It has been very dangerous to form any kind of gathering in Syria since the spark of the protests last March. Gay Syrians had avoided cruising and gathering for a few weeks before they started to become more aware of the best places and times for such actions.
Until recently, most LGBT people tried to avoid declaring their political opinions until the protests started to become closer to their areas. They became more aware of the facts, and started to express their opinions. Nevertheless, pro-regime LGBT people, as few as they are, have always expressed their opinions. Of course, they have also been trying to force them upon others.
One of Assad’s relatives is a known gay in Damascus. Most people tried to avoid him at the start of the protests, while some tried to become friends with him. Recently, his new found friends have been threatening anti-regime gay people to expose them to authorities and deliver their names to the secret police.

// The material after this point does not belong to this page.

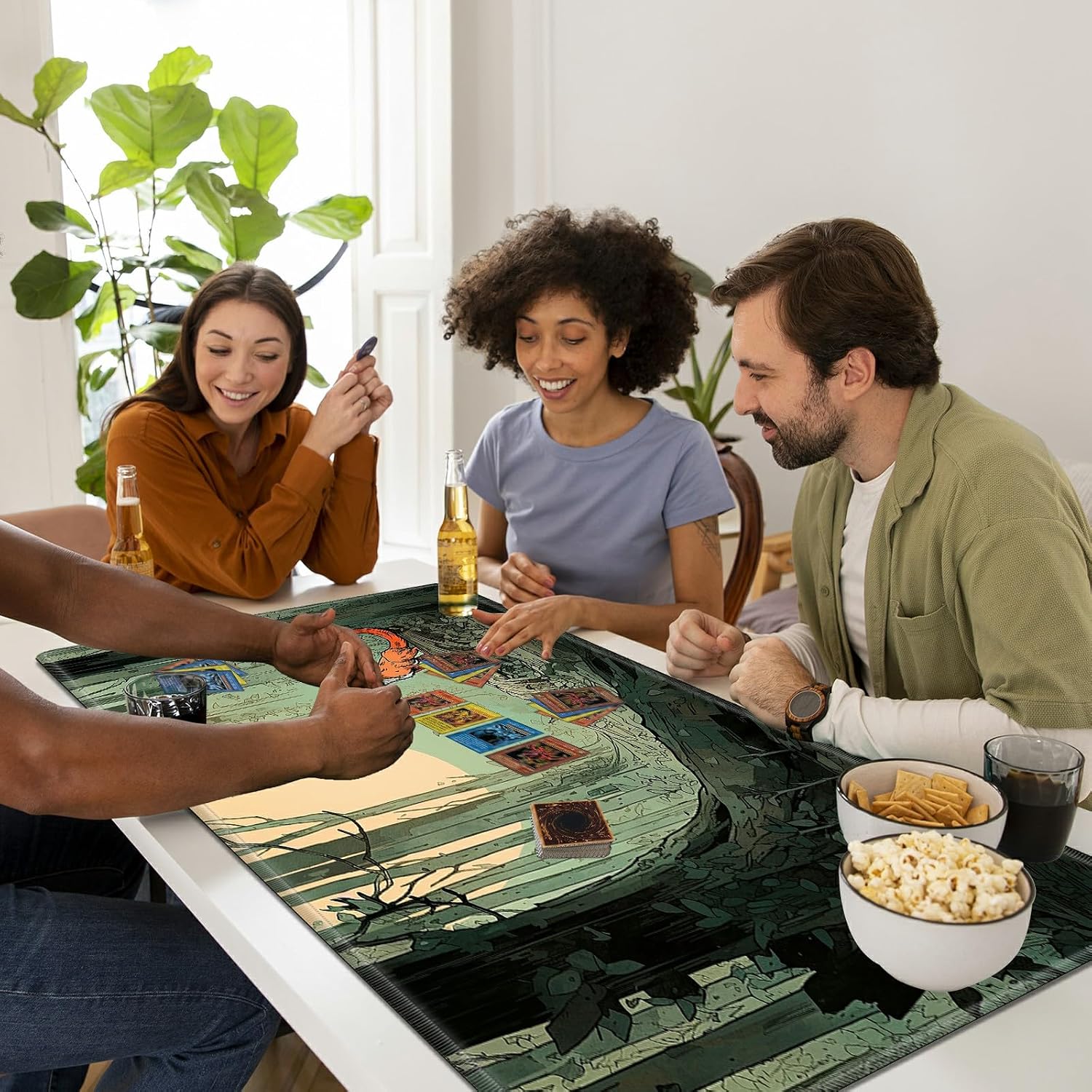 for MTG Playmats with Storage Bag, TCG Playmat MTG Game Mat with Stitched Edges, 24" x 14" Commander Board Battle Game Card Playmat, Smooth Surface Desk Mat for Card Games, Fox Froest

They have been using online gay dating sites to contact people and threaten them. Some are only trying to blackmail others into having sex with them. Others are making lists of anti-regime people and publishing their handles on those sites.
It is known that extremists used gay sites – mainly ManJam – in Iraq to hunt gay Iraqis, torture them, and kill them. Worries arise now that Syrians might use the same methods to help the regime to hunt gays who oppose it.
ManJam is one of the easiest sites to access and join. Their requirements are minimal, and many users have multiple profiles there. With the difficulties in internet access in Syria at this time, tracking those profiles is nearly impossible. However, when we come across a profile listing anti-regime profiles, we try to report it. Unfortunately, ManJam webmasters don’t do anything about it.
I have reported three profiles listing and threatening others, but they still exist and their lists are expanding. I received a message today from a friend telling me about the troubles he had to face after those people listed him on one of their profiles.
It is hard enough for gay Syrians to have to hide and fear the authorities because of their sexuality in a country where homosexuality is forbidden by law. The danger becomes more threatening with Assad fanatics threatening to expose those who dare to have a different political opinion.
Last June, Syrian media started to use homosexuality as “the moral reason not to follow certain news channels”. Al-Arour, a former Syrian military officer turned into a Muslim brotherhood member, was exposed as a homosexual on Syrian TV channels. Secret military documents were published revealing that the reason behind the military discharging him was because of his homosexuality. Around the same time, the Amina hoaxer was revealed giving the Syrian media more reasons to use homosexuality against some protesters.
It is worrying to think that some anti-regime gay men might be used as the regime’s next scape goats. It is also horrifying to witness a Syrian version of the Iraqi infamous gay hunt. In Arab homophobic societies, the dangers of such a hunt can be catastrophic. Some gay Iraqis survivors who fled Syria had warned us about this before they left. We didn’t believe it might happen in Syria.